Un periodista norteamericano que viajaba a bordo del crucero Montpellier describió el cuadro de la cubierta momentos después de haber sufrido un ataque kamikaze. “Por la cubierta corrían sangre, rótulas, cráneos, sesos, corazones, lenguas y brazos”, escribió. Un comandante de la marina norteamericana dijo que “el arma más eficaz contra los kamikazes fue que al final se quedaron sin pilotos”.
El Almirante Onishi, creador de las Fuerzas de Ataque Especial, se suicidó la noche de la rendición japonesa. No fue el único. Miles de japoneses lo hicieron.
La plaza imperial, frente al palacio del emperador, se tiñó de rojo sangre por esos días. Allí abandonaban la vida miles de japoneses. Un pedido de disculpas al emperador por la derrota, por la humillación.
Muchos investigadores sostienen que Onishi, en los últimos meses de su vida, sabía que el resultado final era irremontable. Sin embargo, tenía la plena convicción que esos jóvenes que se estrellaban contra los barcos enemigos eran la única esperanza de Japón, eran ellos y el recuerdo que dejarían quienes con su sacrificio harían sobrevivir a Japón y a los japoneses. Para él, los kamikazes no les iban a hacer ganar la guerra, pero sí eran la garantía de que los japoneses no iban a ser derrotados.
Unos meses antes Onishi había declarado que “mientras la historia recuerde como luchó la juventud japonesa, sacrificándose en la etapa más negra del país, Japón sobrevivirá. Estas tácticas no garantizan nuestro triunfo bélico. Pero estas muertes no son en vano. Se lo aseguro”.

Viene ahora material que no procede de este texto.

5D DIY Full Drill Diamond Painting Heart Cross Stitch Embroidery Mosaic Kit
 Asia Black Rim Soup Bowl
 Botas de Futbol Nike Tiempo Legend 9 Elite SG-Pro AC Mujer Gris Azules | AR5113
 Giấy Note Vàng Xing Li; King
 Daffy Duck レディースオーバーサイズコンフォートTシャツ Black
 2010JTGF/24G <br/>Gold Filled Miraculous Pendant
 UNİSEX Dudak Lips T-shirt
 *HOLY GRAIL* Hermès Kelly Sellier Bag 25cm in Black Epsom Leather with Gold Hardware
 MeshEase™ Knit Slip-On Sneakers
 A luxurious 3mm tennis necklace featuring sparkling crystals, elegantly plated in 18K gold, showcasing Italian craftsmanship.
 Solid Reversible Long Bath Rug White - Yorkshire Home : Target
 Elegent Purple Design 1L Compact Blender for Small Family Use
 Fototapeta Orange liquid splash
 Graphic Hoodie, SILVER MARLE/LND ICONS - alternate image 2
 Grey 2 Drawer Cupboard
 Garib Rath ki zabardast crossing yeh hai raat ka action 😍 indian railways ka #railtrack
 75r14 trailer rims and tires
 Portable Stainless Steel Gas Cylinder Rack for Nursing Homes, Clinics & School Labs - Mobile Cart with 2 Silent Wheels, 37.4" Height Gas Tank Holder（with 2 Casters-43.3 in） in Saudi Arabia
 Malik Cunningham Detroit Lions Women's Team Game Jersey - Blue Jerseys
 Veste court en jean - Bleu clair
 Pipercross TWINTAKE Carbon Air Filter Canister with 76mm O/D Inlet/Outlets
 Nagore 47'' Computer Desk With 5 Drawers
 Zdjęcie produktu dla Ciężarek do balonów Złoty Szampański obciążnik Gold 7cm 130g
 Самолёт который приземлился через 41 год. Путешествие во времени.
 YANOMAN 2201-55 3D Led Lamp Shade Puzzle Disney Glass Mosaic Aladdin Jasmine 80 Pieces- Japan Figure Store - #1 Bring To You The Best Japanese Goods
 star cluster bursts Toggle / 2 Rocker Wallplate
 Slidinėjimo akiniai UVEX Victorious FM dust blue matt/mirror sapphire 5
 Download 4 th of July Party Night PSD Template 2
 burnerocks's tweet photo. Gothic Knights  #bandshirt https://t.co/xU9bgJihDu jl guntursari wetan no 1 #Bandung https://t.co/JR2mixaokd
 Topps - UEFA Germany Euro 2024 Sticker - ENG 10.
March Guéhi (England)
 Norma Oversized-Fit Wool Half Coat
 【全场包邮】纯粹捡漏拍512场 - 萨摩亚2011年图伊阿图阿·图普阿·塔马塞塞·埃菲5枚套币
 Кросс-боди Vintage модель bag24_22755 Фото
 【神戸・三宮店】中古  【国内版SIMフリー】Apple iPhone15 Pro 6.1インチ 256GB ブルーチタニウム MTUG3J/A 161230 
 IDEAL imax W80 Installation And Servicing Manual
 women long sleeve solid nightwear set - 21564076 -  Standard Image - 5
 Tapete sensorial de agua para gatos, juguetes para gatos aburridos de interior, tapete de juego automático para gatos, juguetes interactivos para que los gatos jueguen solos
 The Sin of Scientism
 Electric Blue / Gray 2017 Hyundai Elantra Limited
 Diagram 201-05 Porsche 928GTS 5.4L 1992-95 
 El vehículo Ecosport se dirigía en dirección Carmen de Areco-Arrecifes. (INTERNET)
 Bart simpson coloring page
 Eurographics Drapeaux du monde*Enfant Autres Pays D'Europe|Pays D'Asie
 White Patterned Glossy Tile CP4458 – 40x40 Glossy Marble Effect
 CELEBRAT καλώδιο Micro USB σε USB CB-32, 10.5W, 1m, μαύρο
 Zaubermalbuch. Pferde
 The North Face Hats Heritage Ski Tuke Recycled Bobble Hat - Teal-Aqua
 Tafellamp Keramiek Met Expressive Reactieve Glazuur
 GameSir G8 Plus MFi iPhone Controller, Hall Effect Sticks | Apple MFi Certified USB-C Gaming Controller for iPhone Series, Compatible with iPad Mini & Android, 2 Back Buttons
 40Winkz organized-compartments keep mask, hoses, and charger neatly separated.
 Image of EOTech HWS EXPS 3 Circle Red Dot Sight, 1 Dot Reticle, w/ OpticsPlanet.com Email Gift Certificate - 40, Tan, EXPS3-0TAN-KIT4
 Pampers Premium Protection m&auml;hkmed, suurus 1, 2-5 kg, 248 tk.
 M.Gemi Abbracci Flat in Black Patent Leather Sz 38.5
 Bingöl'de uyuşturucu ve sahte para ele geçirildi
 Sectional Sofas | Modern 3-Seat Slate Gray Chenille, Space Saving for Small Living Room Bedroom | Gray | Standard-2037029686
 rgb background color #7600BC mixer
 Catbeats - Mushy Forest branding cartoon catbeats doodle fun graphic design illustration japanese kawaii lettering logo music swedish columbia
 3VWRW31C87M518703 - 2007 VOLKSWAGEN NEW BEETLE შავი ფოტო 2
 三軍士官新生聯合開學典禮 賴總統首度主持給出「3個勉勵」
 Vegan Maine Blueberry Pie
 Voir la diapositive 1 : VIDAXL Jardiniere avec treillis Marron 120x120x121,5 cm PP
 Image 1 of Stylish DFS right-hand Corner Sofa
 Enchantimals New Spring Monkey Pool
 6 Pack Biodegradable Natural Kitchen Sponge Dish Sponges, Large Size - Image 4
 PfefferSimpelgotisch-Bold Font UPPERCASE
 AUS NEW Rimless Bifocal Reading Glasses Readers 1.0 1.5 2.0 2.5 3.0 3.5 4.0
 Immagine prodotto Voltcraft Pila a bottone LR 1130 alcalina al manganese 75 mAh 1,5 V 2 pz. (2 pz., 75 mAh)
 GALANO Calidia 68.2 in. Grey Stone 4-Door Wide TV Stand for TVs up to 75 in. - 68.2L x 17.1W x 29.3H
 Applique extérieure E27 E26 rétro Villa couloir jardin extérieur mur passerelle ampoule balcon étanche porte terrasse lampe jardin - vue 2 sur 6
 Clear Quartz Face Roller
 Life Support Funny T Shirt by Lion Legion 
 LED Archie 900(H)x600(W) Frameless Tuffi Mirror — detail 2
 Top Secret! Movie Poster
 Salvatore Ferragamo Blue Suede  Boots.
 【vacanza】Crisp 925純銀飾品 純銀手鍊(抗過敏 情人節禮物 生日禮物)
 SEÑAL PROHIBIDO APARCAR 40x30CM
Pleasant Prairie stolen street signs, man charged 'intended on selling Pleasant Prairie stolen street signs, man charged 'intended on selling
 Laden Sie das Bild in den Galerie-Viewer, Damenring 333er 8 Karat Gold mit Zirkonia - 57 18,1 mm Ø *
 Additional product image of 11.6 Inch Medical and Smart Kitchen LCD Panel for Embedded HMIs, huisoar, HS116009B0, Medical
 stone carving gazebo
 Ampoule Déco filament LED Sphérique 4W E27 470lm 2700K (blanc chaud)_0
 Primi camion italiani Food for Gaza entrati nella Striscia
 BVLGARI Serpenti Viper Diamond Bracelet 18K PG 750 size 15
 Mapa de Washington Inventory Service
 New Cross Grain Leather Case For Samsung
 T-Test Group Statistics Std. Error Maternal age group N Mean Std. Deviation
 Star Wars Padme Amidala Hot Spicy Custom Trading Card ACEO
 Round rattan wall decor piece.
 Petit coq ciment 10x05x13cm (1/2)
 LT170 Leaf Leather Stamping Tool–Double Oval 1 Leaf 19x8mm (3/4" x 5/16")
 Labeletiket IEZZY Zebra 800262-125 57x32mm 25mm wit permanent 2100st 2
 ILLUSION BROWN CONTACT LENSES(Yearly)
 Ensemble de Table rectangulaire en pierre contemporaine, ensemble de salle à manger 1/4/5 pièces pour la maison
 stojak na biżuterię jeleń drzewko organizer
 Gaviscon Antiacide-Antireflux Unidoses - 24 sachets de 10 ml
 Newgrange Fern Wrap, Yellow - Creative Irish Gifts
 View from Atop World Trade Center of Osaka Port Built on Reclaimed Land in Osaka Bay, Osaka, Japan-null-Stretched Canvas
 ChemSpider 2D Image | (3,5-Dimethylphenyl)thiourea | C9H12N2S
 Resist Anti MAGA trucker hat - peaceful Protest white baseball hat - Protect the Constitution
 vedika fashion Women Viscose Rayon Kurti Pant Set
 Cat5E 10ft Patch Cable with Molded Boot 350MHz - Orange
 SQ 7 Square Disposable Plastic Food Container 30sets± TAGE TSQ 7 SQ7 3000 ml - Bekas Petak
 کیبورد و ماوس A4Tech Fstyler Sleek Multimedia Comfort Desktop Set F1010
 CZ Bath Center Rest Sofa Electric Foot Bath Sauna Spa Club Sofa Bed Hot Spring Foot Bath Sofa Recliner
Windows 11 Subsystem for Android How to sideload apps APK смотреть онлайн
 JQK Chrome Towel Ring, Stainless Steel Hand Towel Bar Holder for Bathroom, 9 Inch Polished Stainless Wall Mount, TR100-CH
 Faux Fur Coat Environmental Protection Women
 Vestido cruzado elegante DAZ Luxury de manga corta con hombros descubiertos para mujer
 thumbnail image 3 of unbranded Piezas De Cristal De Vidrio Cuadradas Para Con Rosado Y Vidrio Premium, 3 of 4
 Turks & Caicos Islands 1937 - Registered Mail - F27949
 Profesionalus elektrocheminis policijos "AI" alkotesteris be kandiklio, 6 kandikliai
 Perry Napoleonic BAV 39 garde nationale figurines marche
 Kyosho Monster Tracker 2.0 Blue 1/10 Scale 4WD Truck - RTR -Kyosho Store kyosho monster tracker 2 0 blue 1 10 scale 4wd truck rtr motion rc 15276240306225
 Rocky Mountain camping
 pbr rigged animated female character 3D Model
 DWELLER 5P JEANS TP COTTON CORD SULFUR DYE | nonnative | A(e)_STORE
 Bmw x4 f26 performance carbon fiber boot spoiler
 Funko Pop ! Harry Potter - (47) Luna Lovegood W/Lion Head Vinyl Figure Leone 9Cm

El 15 de agosto de 1945, a las doce en punto del mediodía, el emperador Hirohito se dirigió por radio a su país. Era la segunda vez en la historia en que lo hacía. Muchos jamás habían escuchado su voz, pero igual la reconocían de inmediato. Era la voz de una deidad (al menos por un año más). Anunciaba la capitulación del Japón.
No pronunció nunca, en los cinco minutos de su discurso, la palabra rendición. Igual, todos los japoneses entendieron. Agradeció los esfuerzos y sacrificios. Y pidió que nadie más atacase a las fuerzas aliadas, a menos que hubiera provocación previa. Ese mediodía los japoneses asumieron lo que ya sabían desde hacía unos meses: la guerra se había perdido.
Así como el teniente Seki comandó el primer ataque kamikaze, también existió un último ataque kamikaze. Comandado por el vicealmirante Ugaki, comandante de la quinta flota aérea de Japón, el escuadrón estuvo integrado por once bombarderos, en los que viajaban hacia la muerte 23 tripulantes, todos los subalternos que le quedaban a Ugaki a cargo.
El ritual del sake, el arroz y los saludos se respetó. Luego, iniciaron la búsqueda del blanco. Les costó encontrar alguno. Un par de horas después, avistaron un objetivo. Ninguno de los 23 sobrevivió. El avión de Ugaki falló al intentar impactar una lancha de desembarco norteamericana atracada en la playa.
Eran las 20.15 hs del 15 de agosto de 1945.
Habían pasado más de ocho horas desde que el emperador Hirohito anunciara la capitulación de Japón.